In pipes another way of limiting the buildup of static is to reduce the flow velocity. The recommended maximum flow for a low conductivity solvent is 1 m/s where a solid or second liquid could be present. Otherwise a maximum limit of 7 m/s is suggested. With conducting liquids in metal pipes, flow control is rarely required. 
A careful selection of inlet and outlet points can help minimise the problems of static generation due to splashing, as does the use of wide bore valves.
I'm sure there's a scaling reason as to why we tend not to worry about these sorts of things in lab-scale reactions. Probably has something to do with charge density (?).

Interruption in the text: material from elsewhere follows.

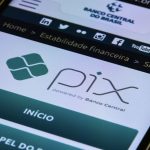 receita-volta-a-desmentir-cobr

[1] Giles, M.R. "Electrostatic Hazards in Liquids and Relevance to Process Chemistry." Org. Process. Res. Dev. 2003, 7, 1048−1050. 


  1. Electrostatic charge is the root cause of many explosions. At the petrol station, flour mill, coal mine it is very dangerous.
    In the research lab if you are running a largish column to get your 50g for box. the you may use larger quantities of such solvents. Add an antistatic agent, please, or earth your system.
    I attended several safety courses where such effects were impressively demonstrated.

  2. This is a point often missed in early scale-up. We usually don't mind using a 2 L separatory funnel in a hood and draining the bottom layer to a flask.

    However, falling liquids tend to pick up static charge, so this is a big no-no in a kilo lab (we stopped open draining at 2 L). Using a graphite filled PTFE tubing (or PTFE tubing with conductive stripes) to drain a reactor and blanketing the receiving vessel helps a lot.

  3. "I'm sure there's a scaling reason as to why we tend not to worry about these sorts of things in lab-scale reactions."

    The size and intensity of the resulting deflagration or detonation has a lot to do with it.